NSW Labor changes leadership

August 10, 2005
Issue 

Susan Price, Sydney

The announcement by two key NSW Labor MPs — former treasurer and deputy premier Andrew Refshauge and former planning minister Craig Knowles — that they would be following former Premier Bob Carr into political retirement has sparked media speculation about a "factional bloodbath" within the top echelons of the NSW ALP.

Australian Industry Group chief executive Heather Ridout told the July 27 Sydney Morning Herald that Carr had "understood the importance of a pro-business approach to driving growth and development" in NSW.

In the July 28 Daily Telegraph, right-wing columnist Piers Ackerman wrote that Carr had given "Liberal voters a reason to vote for Labor". Ackerman also mused that Carr should consider asking Coalition Prime Minister John Howard to give him an overseas diplomatic post.

Unions NSW secretary John Robertson invited Carr to address a Unions NSW meeting on July 28, the day after Carr's resignation as premier — signalling that past conflicts between Carr and Unions NSW had been forgiven, particularly Carr's defiance of workers blockading NSW Parliament in 2001, when they tried to prevent him from pushing through harsh changes to workers' compensation legislation.

Incoming Labor Premier Morris Iemma was quick to announce the abolition of a vendor tax on real estate sales, unpopular with real estate and investor groups. Since then, according to NSW Greens MP Lee Rhiannon, Iemma has indicated he will push for a sell-off of the NSW softwood forest industry and waste management services.
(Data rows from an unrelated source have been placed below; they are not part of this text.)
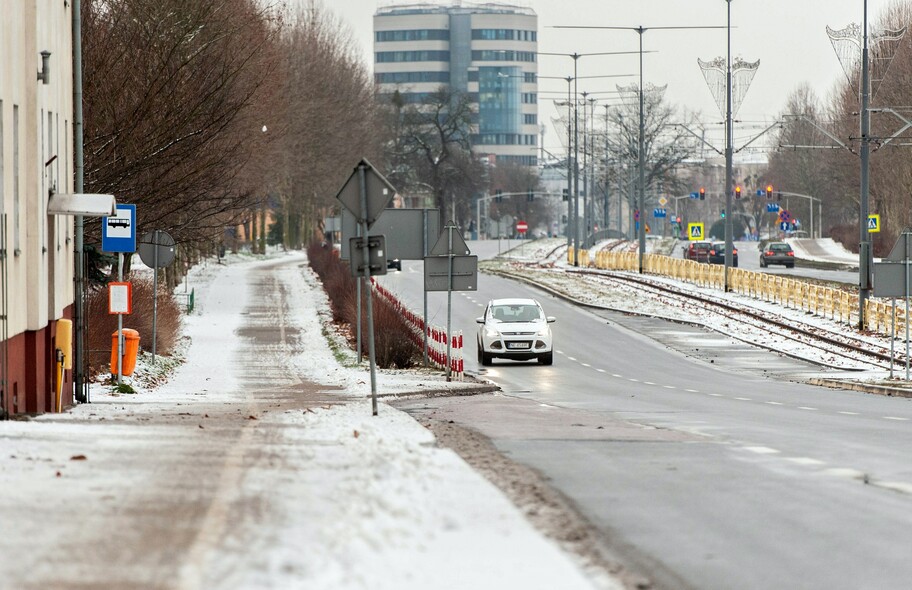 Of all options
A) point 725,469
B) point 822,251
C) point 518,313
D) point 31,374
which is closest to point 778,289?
point 518,313

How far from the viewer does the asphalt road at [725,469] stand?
32.2 ft

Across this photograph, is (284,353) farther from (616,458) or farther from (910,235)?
(616,458)

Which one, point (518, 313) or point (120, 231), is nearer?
point (120, 231)

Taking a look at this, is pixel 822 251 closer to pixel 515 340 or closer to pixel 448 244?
pixel 515 340

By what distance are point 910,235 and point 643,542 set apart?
76.8ft

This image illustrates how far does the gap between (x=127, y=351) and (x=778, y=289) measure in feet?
114

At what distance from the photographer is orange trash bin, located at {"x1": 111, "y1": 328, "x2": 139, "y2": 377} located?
29.8 m

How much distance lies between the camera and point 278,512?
9.96 metres

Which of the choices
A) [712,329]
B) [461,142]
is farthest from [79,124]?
[461,142]

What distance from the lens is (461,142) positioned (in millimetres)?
146000

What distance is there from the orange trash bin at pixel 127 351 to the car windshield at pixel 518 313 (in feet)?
42.7

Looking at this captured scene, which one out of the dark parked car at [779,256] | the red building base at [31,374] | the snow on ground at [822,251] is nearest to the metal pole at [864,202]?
the red building base at [31,374]

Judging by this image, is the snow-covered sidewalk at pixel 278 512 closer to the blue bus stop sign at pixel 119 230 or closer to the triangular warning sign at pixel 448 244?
the blue bus stop sign at pixel 119 230

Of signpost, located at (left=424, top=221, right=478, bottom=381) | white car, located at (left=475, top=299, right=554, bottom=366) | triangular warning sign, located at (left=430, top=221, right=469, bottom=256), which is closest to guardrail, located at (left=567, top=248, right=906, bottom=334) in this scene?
white car, located at (left=475, top=299, right=554, bottom=366)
Iemma was accused in 2003 of trying to buy votes by belatedly boosting community sporting grants on the eve of the 2003 NSW election and then announcing the recipients during the campaign.

Iemma has indicated that his "highest priority" is getting the Sydney rail network functioning properly. But the only new thing he has indicated he will do is carry out a "culture change" on the railways. Commenting on this in an article headlined "Show us what you can do", the August 2 Sydney Morning Herald suggested this might be "code for taking on the unions to change work practices".

From Green Left Weekly, August 10, 2005.